Discurso del doctor Ángel Palerm con motivo de la creación del Centro de Investigaciones Superiores del INAH, y su nombramiento como primer director, en septiembre de 1973

Angel PalermÁngel Palerm en la Casa Chata, 1973. Cátedra Ángel Palerm, sección Galería 1

No faltaré ni a la costumbre ni a la verdad si digo que me siento profundamente honrado por este nombramiento. Me conmueve, en particular, la responsabilidad que se coloca ahora sobre mis colegas y sobre mí.

Como yo lo interpreto, y no creo equivocarme, se nos pide a los antropólogos un trabajo mucho más activo en el estudio de los problemas del país; una actitud más comprometida en los cambios que el país requiere; una vigorosa puesta al día de la voluntad de intervenir como actores críticos en la tarea de construir un país mejor.
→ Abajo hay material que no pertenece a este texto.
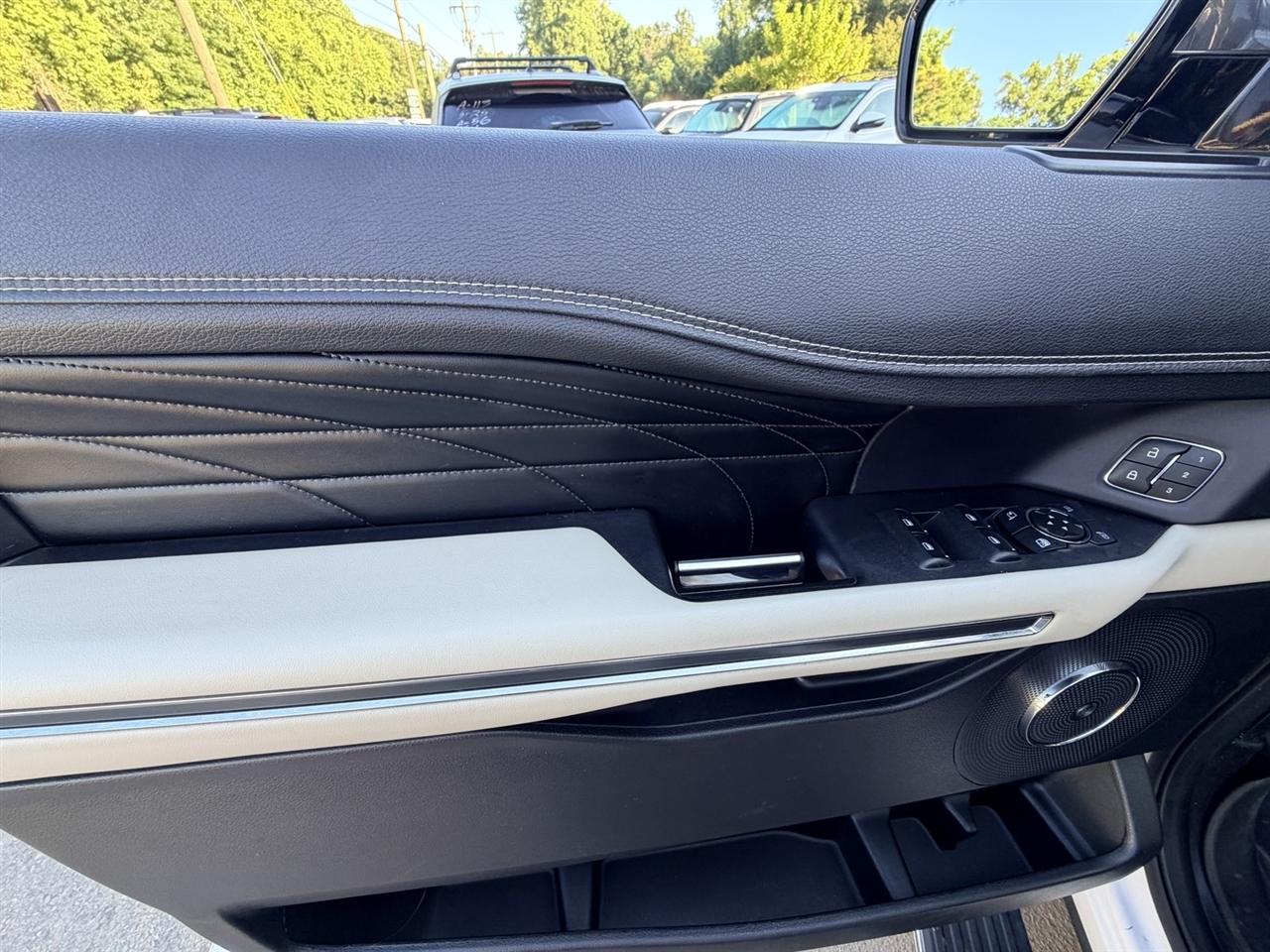 Ford Expedition Platinum 2WD 2019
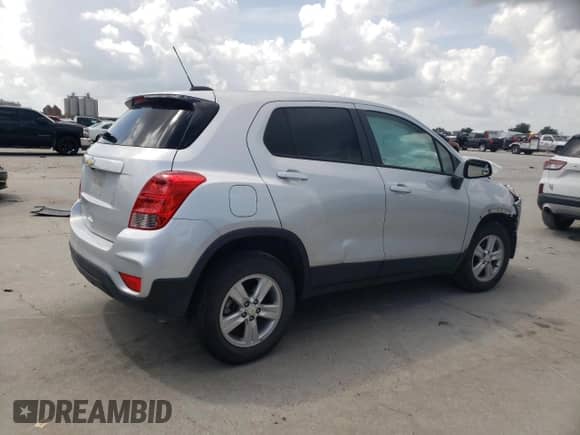2022 Chevrolet Trax LS z VIN KL7CJNSM3NB527272, wystawiony jako Copart lot #64326445 z przebiegiem Nie podano mil oraz Szkoda całkowita • Salvage title. Historia ofert i sprzedaży dostępna na DreamBid. Obrazek 3.
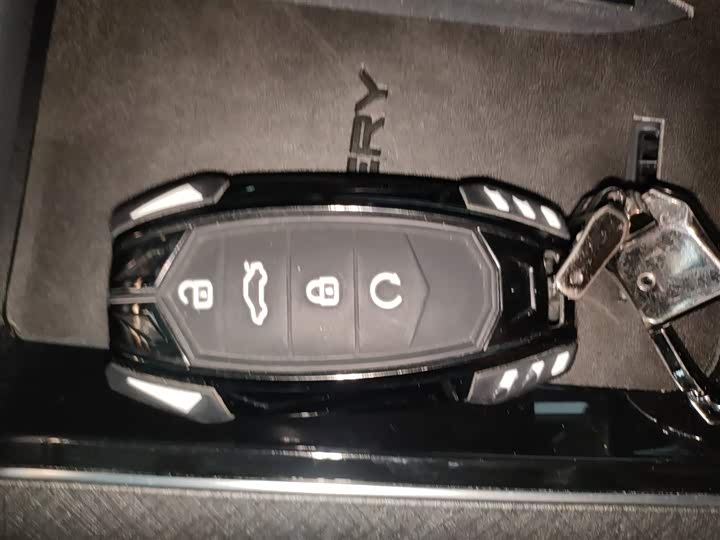 Фото 9 - Chery Tiggo 9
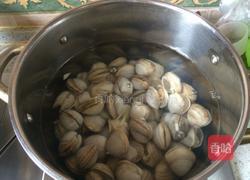 老干妈炒蚬子的做法图解1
Quisiera colocar estas responsabilidades, que tomo con alegría en nombre propio y en el de mis compañeros, en el contexto de algunos problemas actuales de la antropología y de México.

Una serie de violentas polémicas ha perturbado la antropología de todos los países durante los últimos años. Se afirma que es un producto inevitable de la estructura colonial. Se acusa a los antropólogos de servir, aun involuntariamente, a los intereses de los países metropolitanos y de las clases dominantes. Se llega a afirmar que todo estudio resulta en detrimento final de los pueblos y grupos dependientes, y que por ello la responsabilidad del antropólogo se resuelve mejor en la inactividad profesional y en la actividad puramente política.

Las causas de esta crisis son tan profundas, graves y complejas que nada se gana con atribuirlas ligeramente al desasosiego general de los tiempos y a la demagogia enajenante.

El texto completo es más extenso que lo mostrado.